The fun-tastic Summary of Our Friendship collage
I made for Lauren's birthday this year.

Lauren is a 4-foot-something firecracker. I couldn’t imagine my high school life without her friendship. I couldn’t imagine my current life without her friendship. Her friendship has been a gem in my life.  I spoke very briefly earlier this year about my struggle with illness; this took a huge toll on friendships. (It still continues to.) I spent months out of high school. When I was in school, I rarely had time to hang out with friends. It can be hard to make connections with people that way. And, understandably, it is hard for people who have never been ill or haven’t had a close family member ill, to truly understand what that is like and know how to deal with it, for them to know I wasn’t just blowing them off, not caring, or ignoring anyone. Lauren never had that problem. Somehow she always knew and understood. It is the old soul in her, I guess. She always loved me regardless. Even now, the older we get, any-and-all of my quirks, she has embraced with open arms.
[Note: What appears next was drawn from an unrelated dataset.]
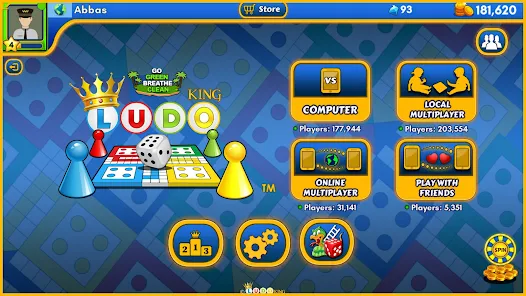 Ludo King: How to Play With Friends Online or Offline - Tutorials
She truly tries to love everyone for who they are. I admire that about her, because I try the same, but I know I fail at it – a lot. (Oh, heck, who am I kidding? I admire a lot about her. That girl is FAB.)

Whenever I am apologizing for something…For having to miss a get-together, for not responding to a text, for being a giant squid of anger when I am normally as gentle as a bunny, she is the first one to hold up the imaginary Neon Flashing Sign: “WHOA GIRL.” She is my gentle Gibbs Slap. (Keeping with the media references, a NCIS reference for you!)
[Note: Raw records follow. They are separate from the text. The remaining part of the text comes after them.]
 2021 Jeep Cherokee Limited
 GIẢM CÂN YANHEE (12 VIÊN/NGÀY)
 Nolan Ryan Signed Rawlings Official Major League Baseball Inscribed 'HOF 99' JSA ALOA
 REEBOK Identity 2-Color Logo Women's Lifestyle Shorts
“Katie, girl,” She will tell me, speaking in a Russian accent that’s slipping into in German; after all, she is an actor at heart. Her hand goes on my shoulder, as friends do. “Girl, you have got to do you.”

You gotta do you.


Those are some of the wisest words I could ever hear. And some of the most needed ones.

If ever there were a year in which I needed Glorious’ wise words, it has been this one. 

Some beautiful, flowering trees a took pictures of
at my former college.


I have always struggled with ‘doing me’. I am a perfectionist, which means I obsess and worry and have anxiety attacks trying to make everything perfect – and be perfect. By definition, I am a people-pleaser. Giving everything to other people, that is my style. Whatever they want, I go with. Whatever is demanded of me, I rise to the occasion. Better yet, whatever I perceive that needs to be done or that is expected and required of me, I plow on to get it done. Man, do you know how exhaustive that is? How about a “hell yeah!” for stressful?

It is walking around with an obligation to hold the world up with only your two shoulders, an obligation you put on yourself. ‘Forget about the other several billion people on the planet,’ says your brain, ‘it is all on YOU. Better yet, that other several billion? Yeah, that’s why you have got to shake ass. I mean, you need to stand out, right?’

As if I have to, in the words of
BrenĂ© Brown, hustle for my worth - to prove something.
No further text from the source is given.